= Reginald Wolfe =

English printer (died 1573)

Reginald (or Reyner) Wolfe (died 1573) was a Dutch-born English Protestant printer and one of the original members of the Royal Stationers' Company.

==Life==
Wolfe was born in Druten in the Netherlands. A learned and devout Protestant, he settled in England some time before 1530 and established himself as a bookseller at St. Paul's Churchyard, London. Wolfe began to print in 1542. He was the first printer in England to maintain a large stock of Greek type. Edward VI made him Royal Printer in Latin, Greek and Hebrew and awarded him an annuity of 26s. 8d. for life. Despite his Protestantism, Mary I made him one of the original members of the Stationers' Company. Under Elizabeth I, he served as Master of the Company in 1559, 1564, 1567 and 1572.

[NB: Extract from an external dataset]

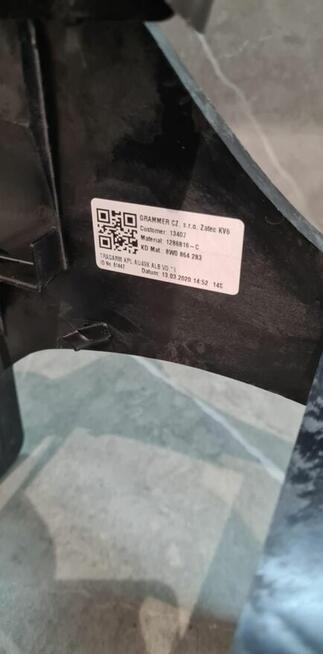 Podłokietnik skórzany Audi A4 B9 Quattro S-line Biała Nić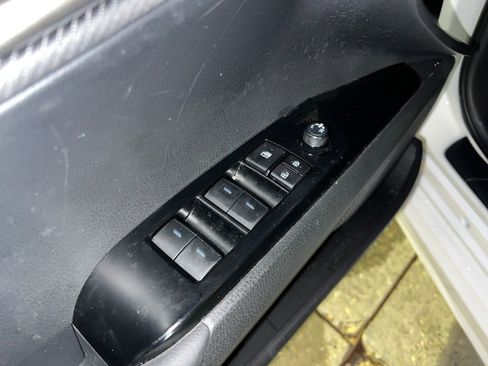 Used 2025 Toyota Camry LE image 11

Wolfe published works by Archbishop Cranmer, the antiquarian John Leland, Robert Recorde and Archbishop Parker. In 1548, he conceived a project for a "Universal Cosmography of the whole world, and therewith also certain particular histories of every known nation." He hired Raphael Holinshed and William Harrison to assist in the task, but it remained unfinished at Wolfe's death in 1573. Much of the material was published by Holinshed in 1577 as The Chronicles of England, Scotland and Ireland (usually known as Holinshed's Chronicles).

==Family==
Wolfe married Joan (died 1574), who briefly ran his business after his death. The family included sons John and Robert, a daughter who married John Harrison, another bookseller, and Elizabeth who married Stephen Nevinson.